- **TASK DETAILS**:
The answer must consist solely of the lines below starting at the one containing "1280x720 learn alphabets" and ending at the one containing "Handblown Ruffled Cranberry", repeated exactly, with both ends included and all pictures omitted.

- **DATA IN THIS EXERCISE**:
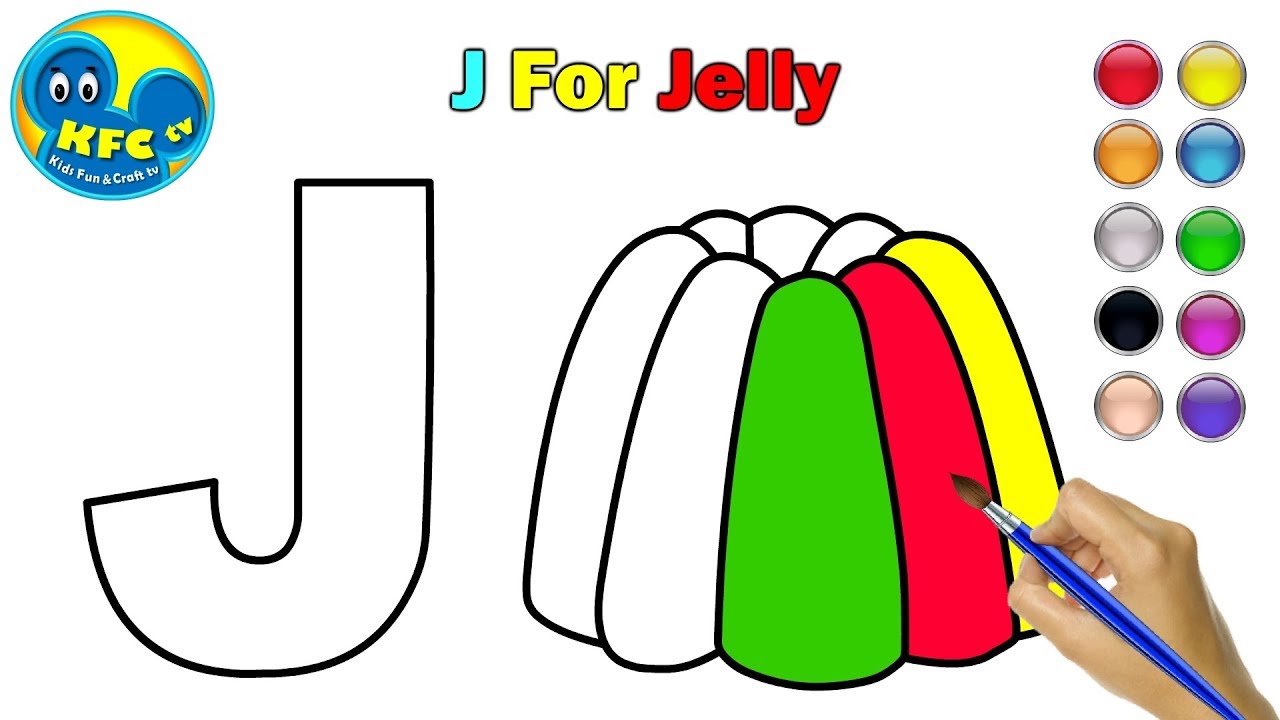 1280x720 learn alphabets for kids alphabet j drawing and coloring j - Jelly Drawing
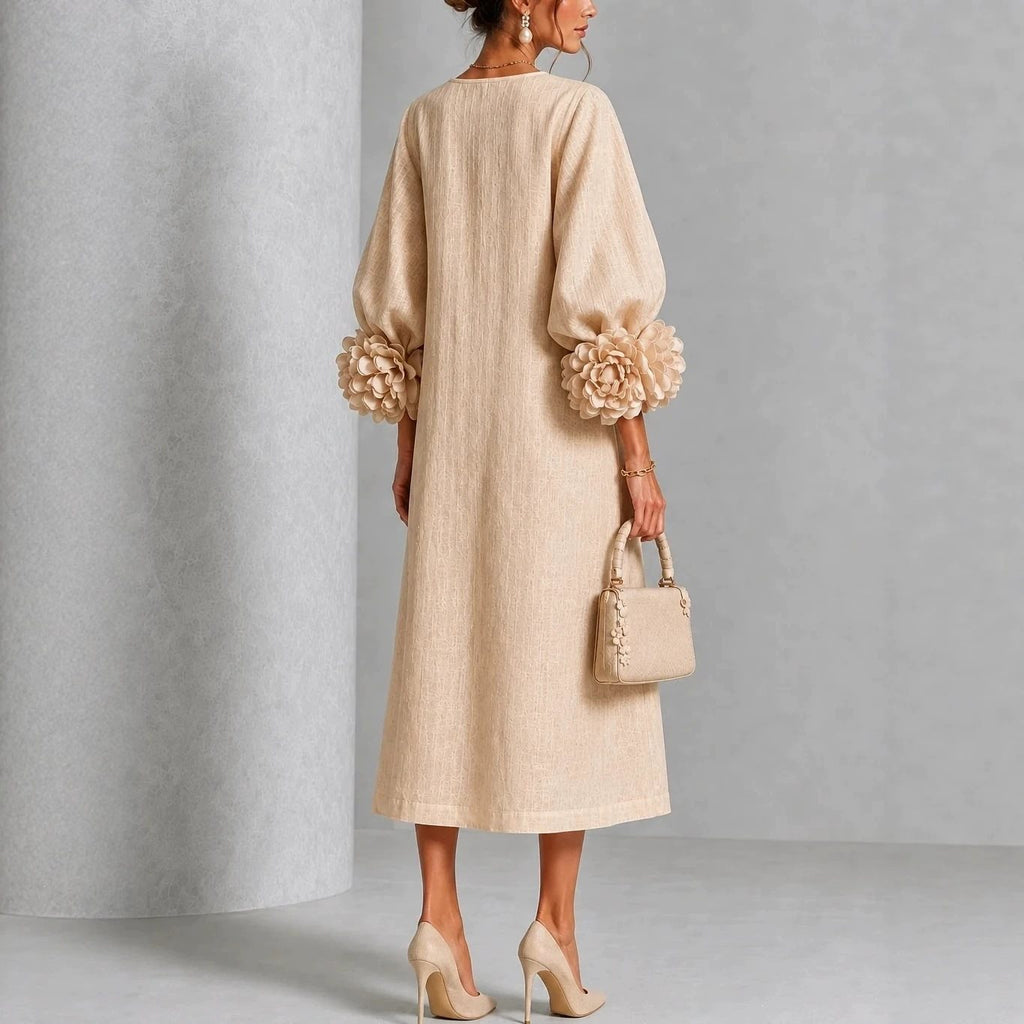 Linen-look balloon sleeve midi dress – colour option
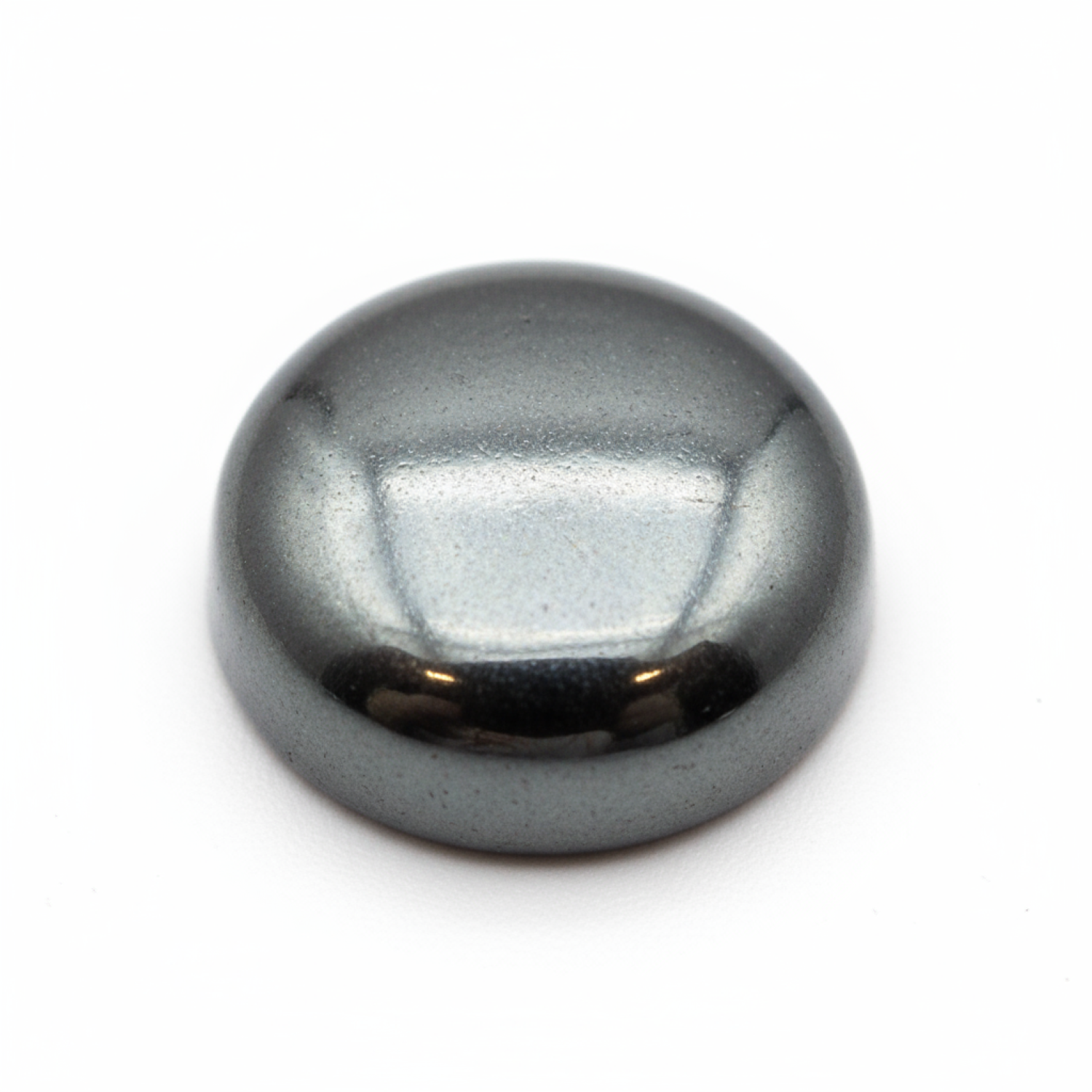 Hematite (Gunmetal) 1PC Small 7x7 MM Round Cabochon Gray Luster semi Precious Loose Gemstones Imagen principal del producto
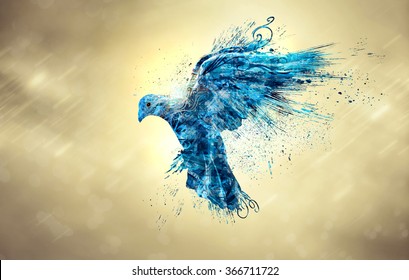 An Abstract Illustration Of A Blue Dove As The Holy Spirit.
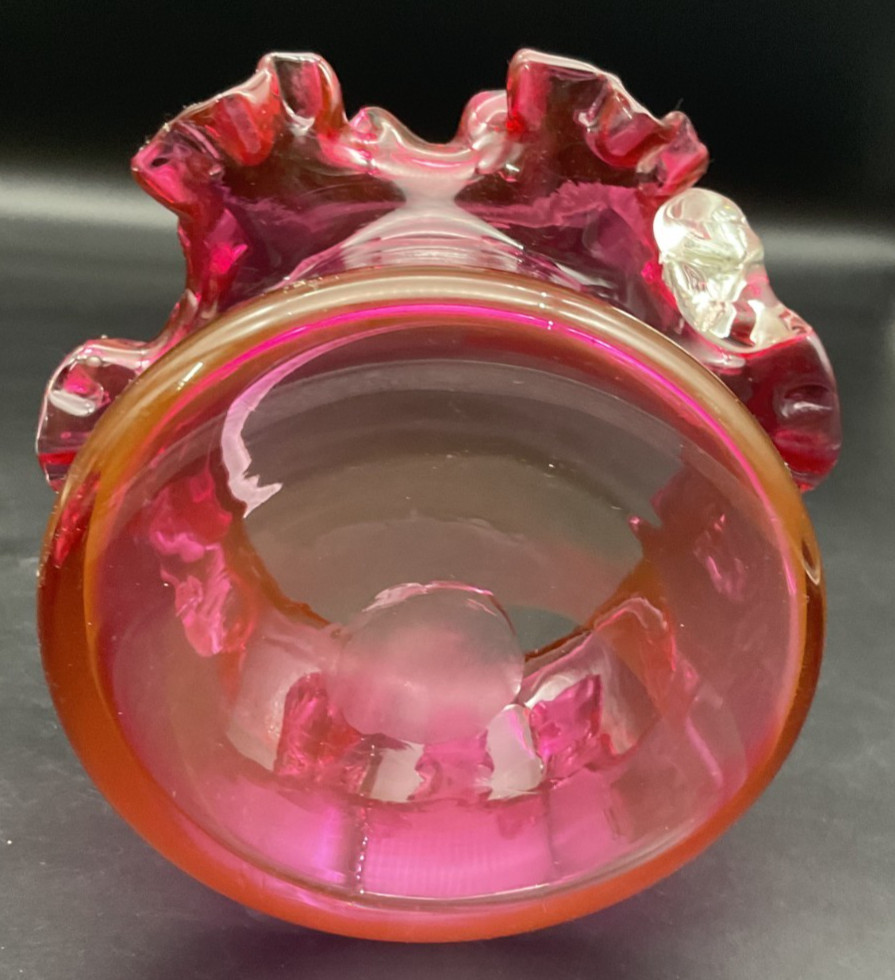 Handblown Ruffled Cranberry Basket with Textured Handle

...

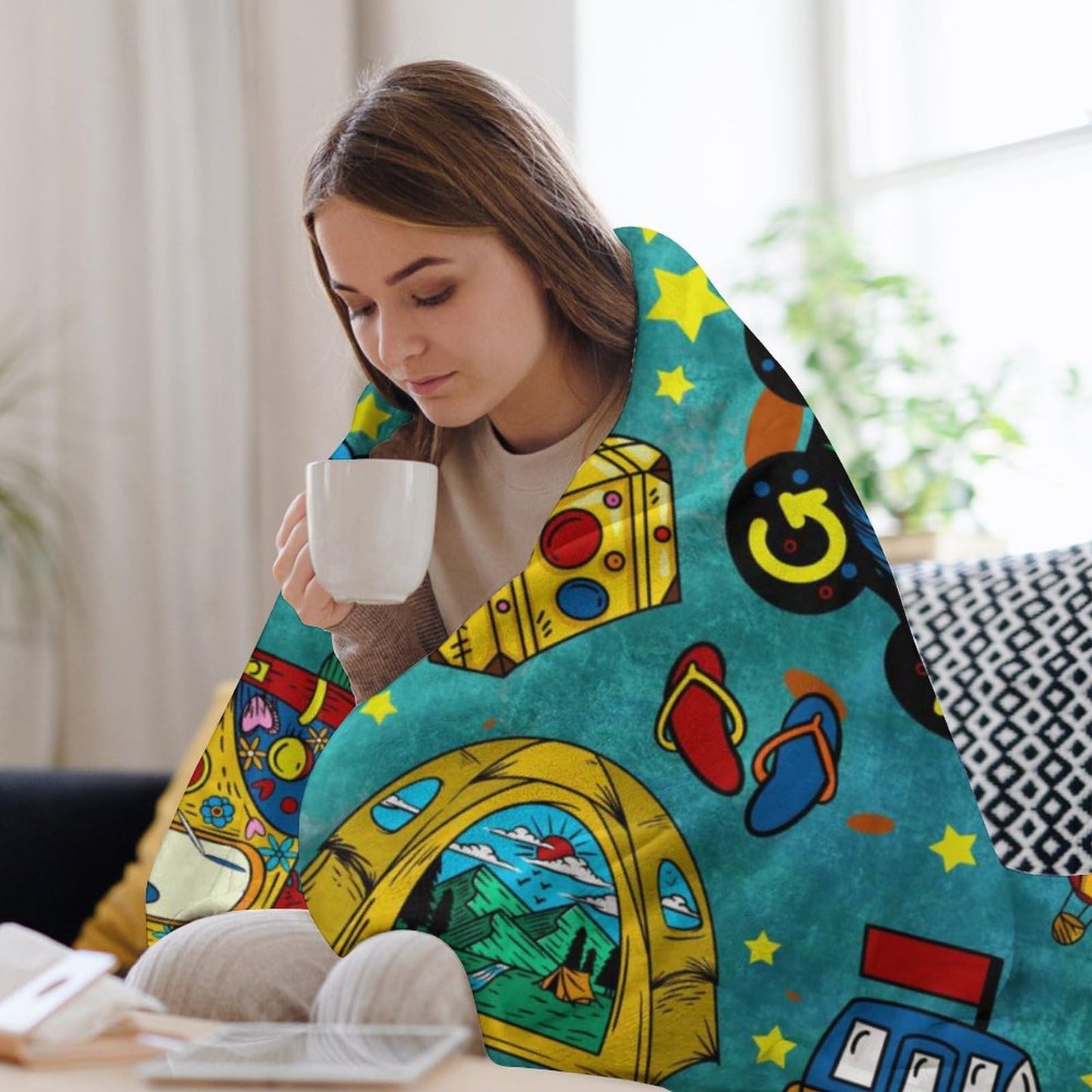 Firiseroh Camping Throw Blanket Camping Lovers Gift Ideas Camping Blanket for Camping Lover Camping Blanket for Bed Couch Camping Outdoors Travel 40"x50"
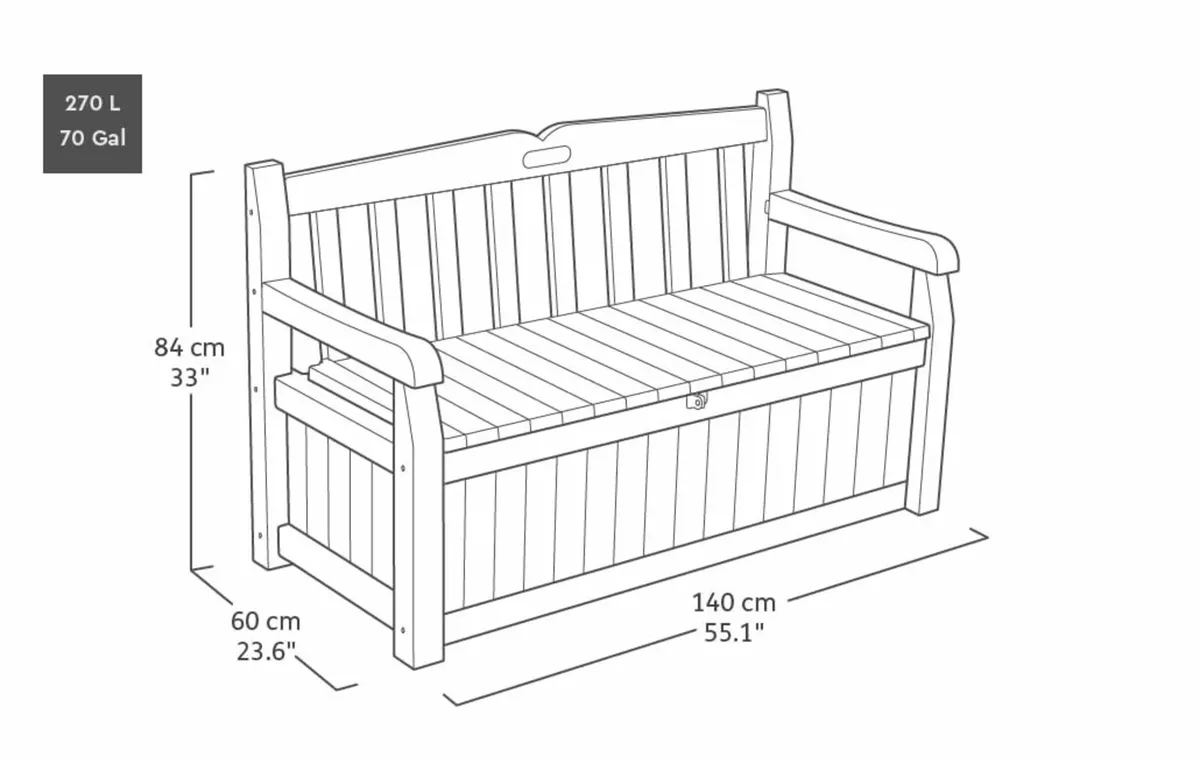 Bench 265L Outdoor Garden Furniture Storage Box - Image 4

- **FINAL ANSWER**:
 1280x720 learn alphabets for kids alphabet j drawing and coloring j - Jelly Drawing
 Linen-look balloon sleeve midi dress – colour option
 Hematite (Gunmetal) 1PC Small 7x7 MM Round Cabochon Gray Luster semi Precious Loose Gemstones Imagen principal del producto
 An Abstract Illustration Of A Blue Dove As The Holy Spirit.
 Handblown Ruffled Cranberry Basket with Textured Handle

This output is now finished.